April 29, 2002
A letter in response to a letter from Rachel Smith, policy director for I-777 who wrote that workers should be able to make their own decision about union membership.
I looked up the web site listed. The information on the web site could be viewed as "liars figure and figures lie," as in any other concepts that could be debated. Looking at the map of the states that have Right to Work laws seem to be rather close to the Mexican border. The web page mentioned some things about the 1990s and losing manufacturing jobs, could this be due to the end of the cold war and the closing or selling off of large companies and the loss of good paying wages as in the Aviation Industry which effected the Los Angles area of California. Also NAFTA in the late 90' allowing the movement of companies south of the border for cheaper labor, less restrictive environmental standards and the Mexican Government stopping the rights of workers to organizing.

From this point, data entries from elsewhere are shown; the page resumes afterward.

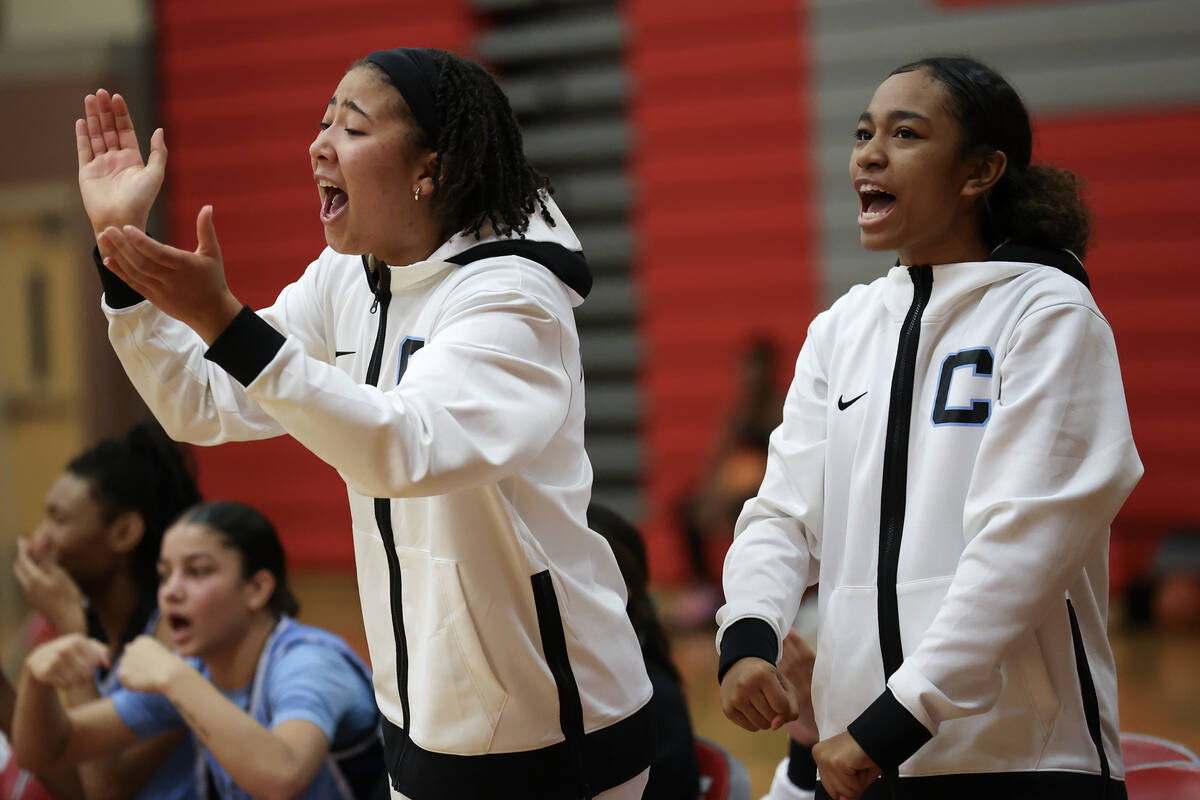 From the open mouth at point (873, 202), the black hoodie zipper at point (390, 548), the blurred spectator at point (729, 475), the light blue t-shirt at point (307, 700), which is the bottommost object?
the blurred spectator at point (729, 475)

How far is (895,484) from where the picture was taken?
1593 mm

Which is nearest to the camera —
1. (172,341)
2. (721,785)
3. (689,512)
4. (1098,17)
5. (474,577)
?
(474,577)

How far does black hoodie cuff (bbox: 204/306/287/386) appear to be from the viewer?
130cm

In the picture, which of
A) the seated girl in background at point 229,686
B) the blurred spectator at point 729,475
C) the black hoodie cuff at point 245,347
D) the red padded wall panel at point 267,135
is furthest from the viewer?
the red padded wall panel at point 267,135

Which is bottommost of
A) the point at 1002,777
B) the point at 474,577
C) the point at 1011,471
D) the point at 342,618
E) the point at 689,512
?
the point at 342,618

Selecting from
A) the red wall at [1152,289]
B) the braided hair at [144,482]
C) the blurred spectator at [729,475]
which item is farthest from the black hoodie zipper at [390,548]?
the red wall at [1152,289]

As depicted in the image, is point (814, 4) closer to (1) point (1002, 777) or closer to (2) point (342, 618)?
(2) point (342, 618)

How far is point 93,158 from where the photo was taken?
1645 mm

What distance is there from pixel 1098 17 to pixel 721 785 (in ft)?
16.5

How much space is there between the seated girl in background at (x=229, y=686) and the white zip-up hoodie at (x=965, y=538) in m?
0.88

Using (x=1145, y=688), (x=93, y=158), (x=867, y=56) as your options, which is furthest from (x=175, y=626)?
(x=867, y=56)

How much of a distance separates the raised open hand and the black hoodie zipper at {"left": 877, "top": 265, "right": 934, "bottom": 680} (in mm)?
935

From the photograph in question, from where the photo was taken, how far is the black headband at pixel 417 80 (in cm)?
163

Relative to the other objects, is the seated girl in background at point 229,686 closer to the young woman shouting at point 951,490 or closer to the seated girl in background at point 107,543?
the seated girl in background at point 107,543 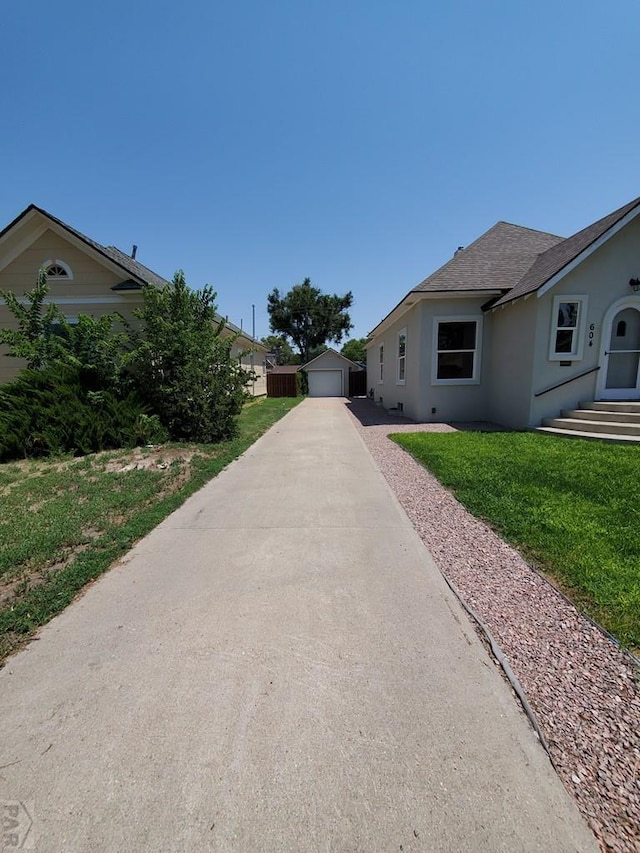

Something that Mrs., Smith mentioned was the word "salaries" this is mostly associated with management pay. Now that could have been a generalization on her part. But it is true if the hourly works pay is lower or held down then the "salaries" of some individuals will certainly go up. That could be in direct correlation as to why the pay discrepancies of top management and the hourly worker has gone from a difference of 20 times in the 1960's to over 200 times in the 1990's, regardless of the shop is union or not. Just look at the recent salary of the out going CEO of General Electric, $231.000.000.00. But apparently to the committee for I-777 the Union hourly workers is to blame for the high cost of living in some states and cities. Unions not only deal with wages, they are also concerned with fair treatment of members from management, safety in the work place, women's rights and drug and alcohol abuse programs just to mention a few that the Unions deal with in their every day business. To have and run these programs cost money and for all the members to help pay these costs is only fair to everyone involved. If a person that is unfairly fired from his job and the case goes to arbitration, that cost alone could be over $3000 or more . I would hope that that person would have had the good conscience to have helped with the financial burden he or she has put on the paying members in that Union. As with any large or even small organization the membership does not always agree with every thing that organization is doing. But in the Union I proudly belong to there is ways to change the way they do things, it just depends on how much you want to be involved in the process.